Just Reading
JUST READING
As Rita Felski (University of Virginia) notes in her
syllabus for ENCR 3400: Theories of Reading, Spring 2019, many "everyday
experiences of reading…are either ignored or treated with suspicion in literary
theory. Felski is introducing
undergraduates to critical (theory-based) and post-critical (experience-based)

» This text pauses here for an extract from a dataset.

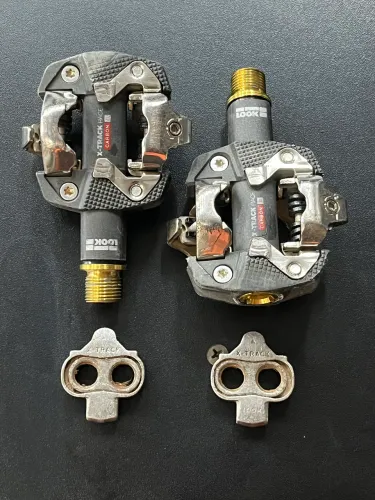 Pedal clip Look Carbon TI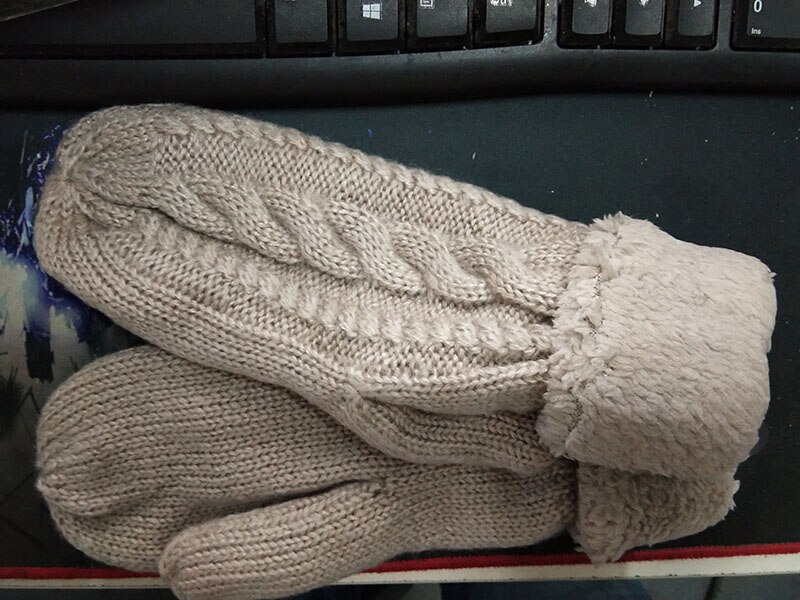 Kvinner strikker twist blomster votter vinter kvinnelig ull pluss kashmir fløyel fortykning varme helfingerhansker guantes  l45: Beige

reading. Why experience should be
identified as post-critical is subject to question. Unless logic fails us in 2019, it is logical
to assume experiences of one sort or another are prior to the construction of
theories. Perhaps Felski invokes the
critical/post-critical binary to suggest her pedagogy is more orthodox than
radical, that in her classroom what ought to be said coldly to literary theory will
not be voiced: Um Himmels willen, ficken Sie sich selbst. Felski, who succeeded Ralph Cohen as editor
of New Literary History, perhaps remembers one of his rules: a proper scholar/critic speaks to colleagues
and only by dint of accident to the
masses. She remembers, no doubt, another
of Cohen's claims: good propositions
contain grounds for their refutation.
While reader-response theory and other speculations in
the domains of subjective criticism do refute or deconstruct the hype of
literary theory in academic cloisters, they remain safely behind the walls,
behind the arrogant veils of mystery.
They hesitate to walk the walk or talk the talk of everyday reading
experiences. They dread the plain talk
and common sense of everyday life that promotes meaningful conversations among
people who resist academic enslavement.
Over the past two
years, my fellow senior citizens and I in the New Orleans People Program have explored the joys of just reading selected
works by Richard Wright; works that illuminate the African American impact on
classic American literature ; works by Alice Walker, James Baldwin, Ernest Gaines,
Toni Morrison, and Ralph Ellison. In
spring 2019, we are just reading a handful of Southern writers -----Jean
Toomer, Eudora Welty, Richard Wright, Ellen Douglas, Minrose Gwin. We happily just read, opening floodgates of
remembering. Our exchanges are models of
discovery, of self-conscious re-discovery, of selecting our terms of engagement.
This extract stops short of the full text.